Ülke içinde örgütlenerek savaşa dahil olan silahlı güçlerin sayısına ve bu silahlı güçleri destekleyen devletlere bakıldığında Suriye savaşı adeta başı, sonu, ortası belli olmayan bir labirent haline dönüştü.
Böyle bir ortamda bugün Türkiye ve diğer ülkelere sığınmak zorunda kalan milyonlarca Suriyeli ne yapabilirdi? Eline silah alıp hangi örgüte ya da hangi devlete karşı savaşabilirlerdi? Kimlerle nasıl ittifak kurabilirlerdi?
Suriye savaşının, her gün yeni bir vahşetin yaşandığı ve tarihte benzeri az görünen insanlık dışı eylemlerin sıklıkla yaşandığı bir savaş olduğu unutuluyor.
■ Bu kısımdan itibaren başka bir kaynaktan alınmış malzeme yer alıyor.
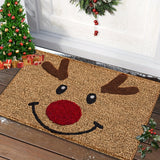 1pc 1350gsm Ultrafine Fiber Rustic Reindeer Rug, Non-Slip, Washable, Rectangular, 0.7cm Thick, Knitted, TPR Backing, Polyester Fiber, Machine Washable, Indoor/Outdoor Use, Perfect for Bedroom, Bathroom, Kitchen, Hallway, Festive Christmas Decor, Gift Idea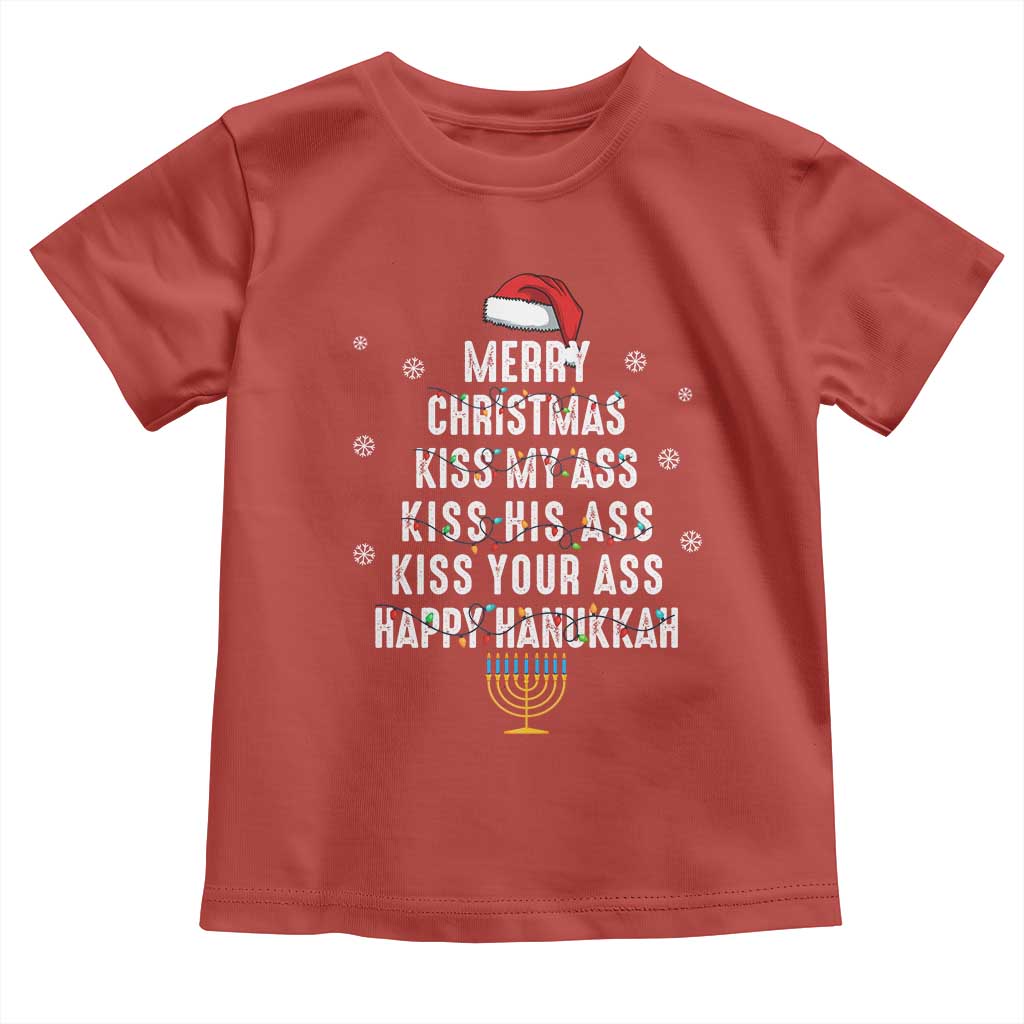 Merry Christmas Kiss My Ass His Ass Your Ass Happy Hanukkah Toddler T Shirt TS02 Red Print Your Wear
Başından beri Suriyelileri istemeyen Türkiyeli yurttaşlar, ekonomik sorunların daha da görünür hale gelip, vatandaşın cebine yansımasıyla faturanın bir kısmını da Suriyelilere kesiyor. Böylece Suriyelilere yönelik nefret söylemi bir aşama daha arttı. Fakat şöyle bir gerçek var ki Suriyelilerin gelmesiyle başlamayan ekonomik sorunlar, Suriyelilerin gitmseyle de çözülemeyecek.
Bu gerçeği yurttaşların yanı sıra daha çok medyanın görmesi gerekiyor. Çünkü sokağa bakıldığında yaşananların büyük bir bölümünün medyada kullanılan nefret dilinin, özensiz ve dikkatsizce yapılan haberciliğin yansıması olduğu görülüyor.
Ana akım ve yerel medyada kavga, hırsızlık, cinsel istismar gibi olaylar haberleştirilirken, şüphelinin Suriyeli kimliğine vurgu yapılıyor. Medyamız, Suriyeli kısmını neredeyse altı çizili olarak vurgulayacak. Kullanılan bu dil toplumda daha çok nefret söylemi yaratıyor. Ekonomide olduğu gibi bu tarz asayiş olayları da resmi verilere bakıldığında ne Suriyelilerin gelmesiyle artış gösterdi ne de Suriyelilerin gitmesiyle azalacak.
Devleti yönetenlerin nasıl bir politika izleyeceğini bilmiyorum ama Suriye’de kalıcı bir çözüme gidildiğinde zaten Suriyelilerin büyük bir bölümü gidecek. Belki de boğuştuğumuz sorunların sadece Suriyelilerle ilgili olmadığı o zaman anlaşılacak.
Gerek ekonomideki sorunların baş göstermesi gerekse de toplumun huzurunu bozan asayiş olaylarının artmasının altında yatan asıl nedenler iyi araştırılıp kalıcı çözümler bulunursa üstesinden gelinir.